Die russisch-orthodoxe sei eine postsowjetische Kirche, die aus einer totalitären Tradition der Unterdrückung der Religion stamme, sagte der Ostkirchen-Experte. Das Patriarchat verhalte sich nach dem Prinzip, dass die Kirche „ein Zahnrad im Dienst des Staates, des Zaren, Putins“ ist. Der russische Präsident Wladimir Putin instrumentalisiere das Moskauer Patriarchat.
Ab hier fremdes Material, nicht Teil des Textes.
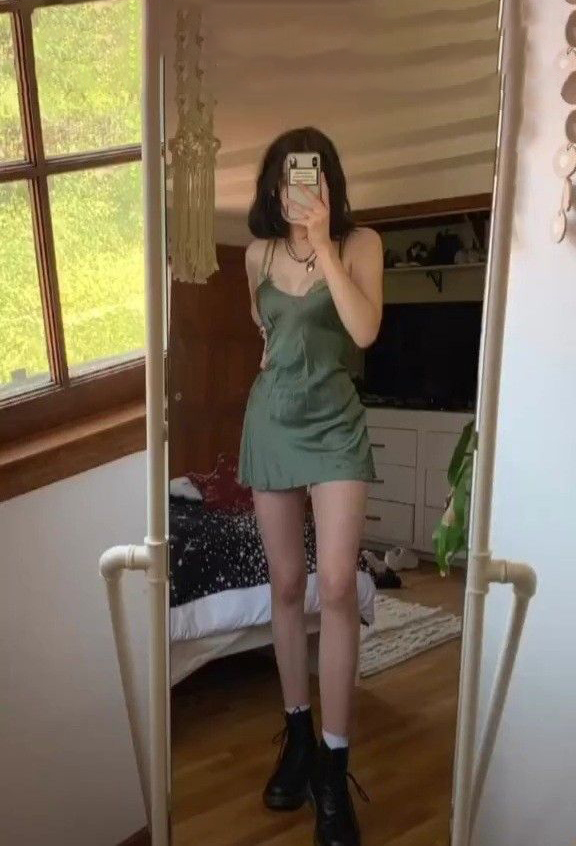 Hình mặc váy ngắn che mặt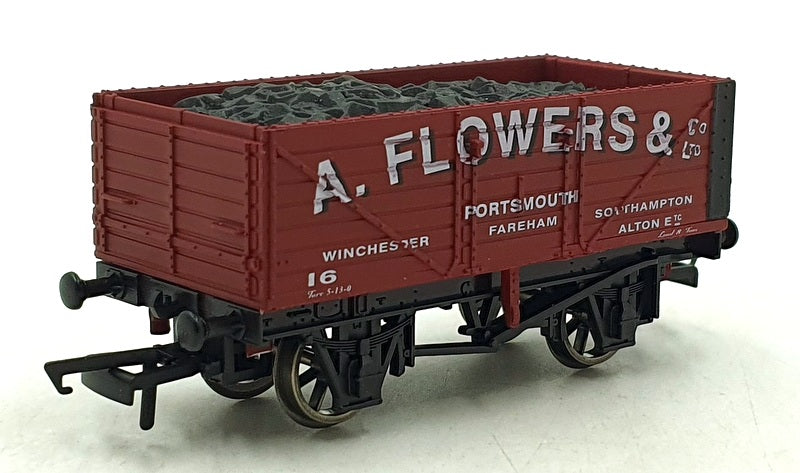 Dapol OO Gauge (1/76) 201026C - A. Flower & Co. Plank Wagon #16 LE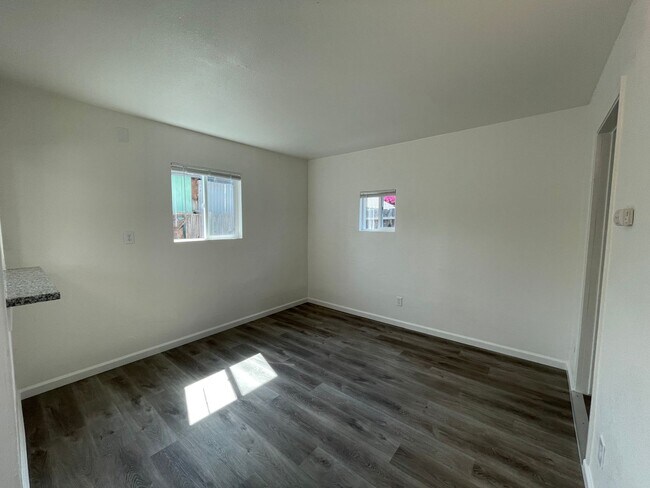 Building Photo - Burney Street Triplex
Aussagen der Moskauer Jubiläumssynode aus dem Jahr 2000 über ein geregeltes Staat-Kirche-Verhältnis gehen Schneider zufolge im Wesentlichen auf das heutige Oberhaupt der russisch-orthodoxen Kirche, Patriarch Kyrill I., zurück. Kyrill war damals für die Außenbeziehungen des Patriarchats zuständig. „Er tritt jetzt seine eigenen Grundsätze mit Füßen“, beklagte der Regionalbischof.
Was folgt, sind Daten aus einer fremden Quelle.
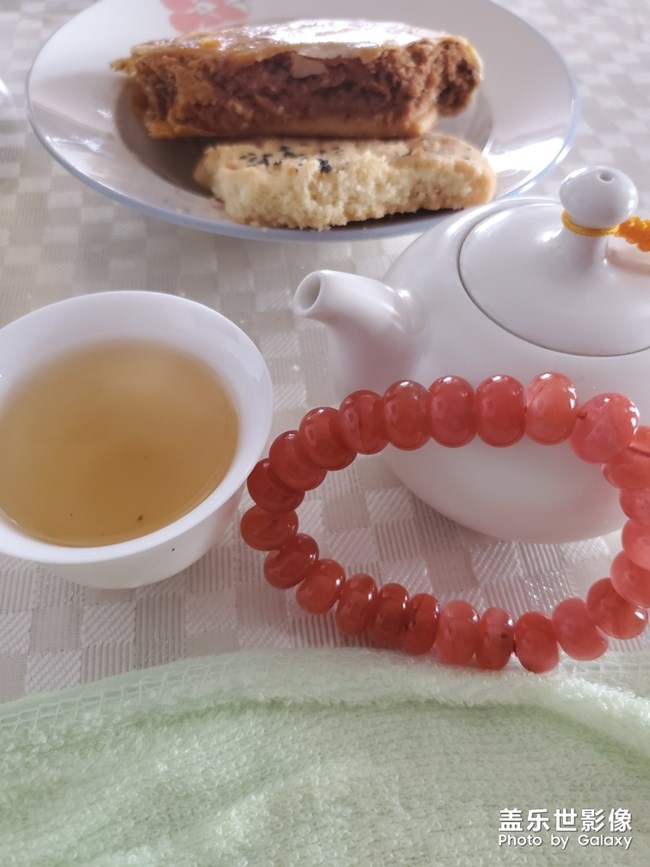 今年的白牡丹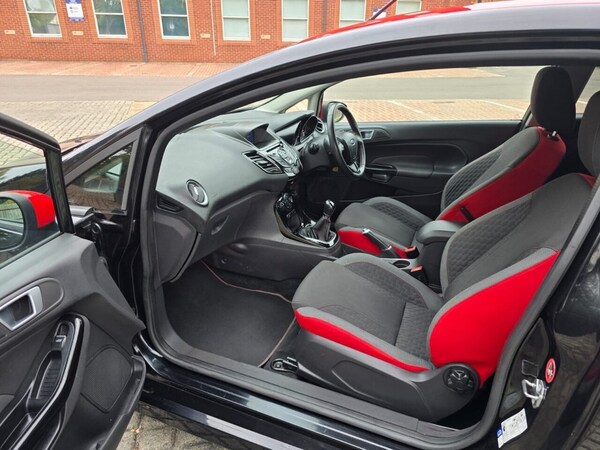 Used Ford Fiesta 2015 for sale - 76229000: Photo 24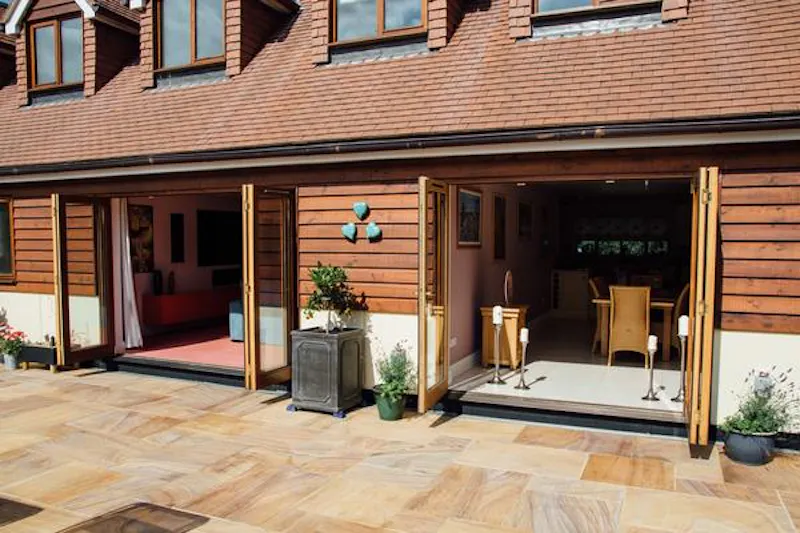Large timber-clad detached Herts home, D2416 (photo 9)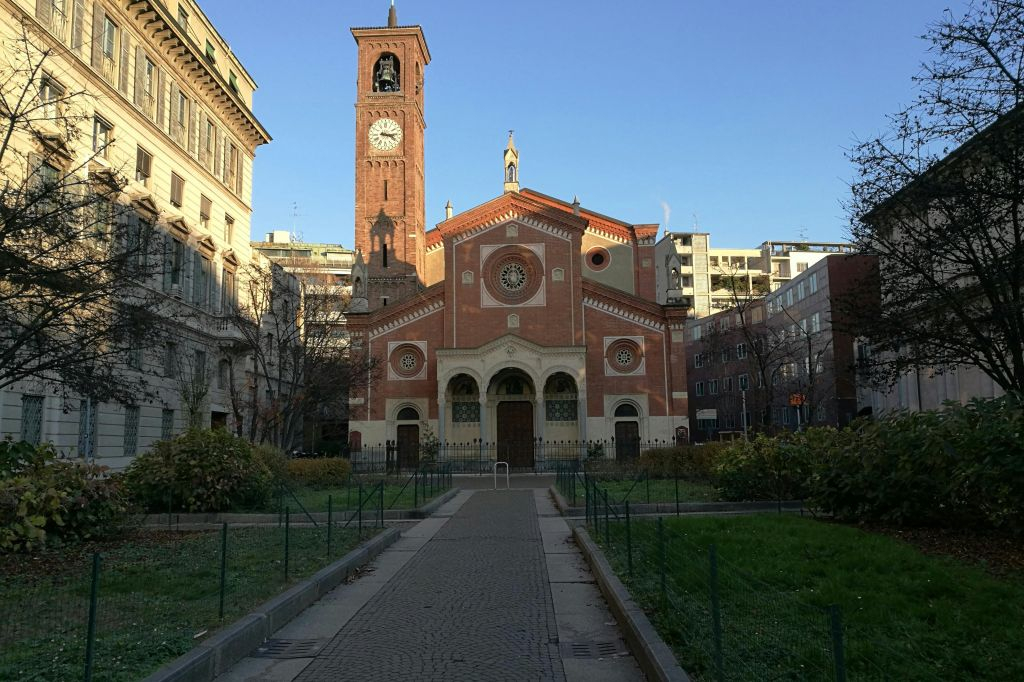 Milano: Tour notturno a piedi per piccoli gruppi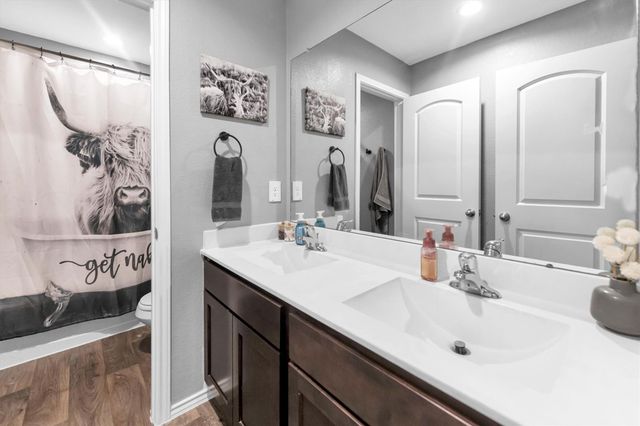 919 Republic Road, New Caney, TX 77357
Bereits in den 90er Jahren des vergangenen Jahrhunderts habe das Moskauer Patriarchat den Anspruch der Ukraine, eine eigenständige Nation zu sein, verneint. Es vertrete den Anspruch, für die Gesamtheit aller russischsprachigen Menschen zu sprechen.
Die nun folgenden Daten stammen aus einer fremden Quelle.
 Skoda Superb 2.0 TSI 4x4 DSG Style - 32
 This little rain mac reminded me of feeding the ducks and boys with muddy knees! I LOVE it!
Vor diesem Hintergrund sei es „phänomenal“, dass sich der Metropolit der orthodoxen Kirche des Moskauer Patriarchats in der Ukraine, Onufri, nach den russischen Angriffen auf sein Land klar positionierte. Das Oberhaupt der Kirche, der laut Schneider der Großteil der Gläubigen in der Ukraine angehört, habe den Krieg als Sünde verurteilt. Diese Position könne er vertreten, weil das Patriarchat seit jeher relativ unabhängig gewesen sei: „Auch die vorherigen Metropoliten ließen sich nicht viel sagen aus Moskau.“
Die von Patriarch Onufri geleitete Kirche konkurriert laut Schneider mit der wesentlich kleineren orthodoxen Kirche des Kiewer Patriarchats. Deren nicht von Moskau anerkannter Patriarch Epiphani kritisierte den russischen Angriff Schneider zufolge als Gotteslästerung.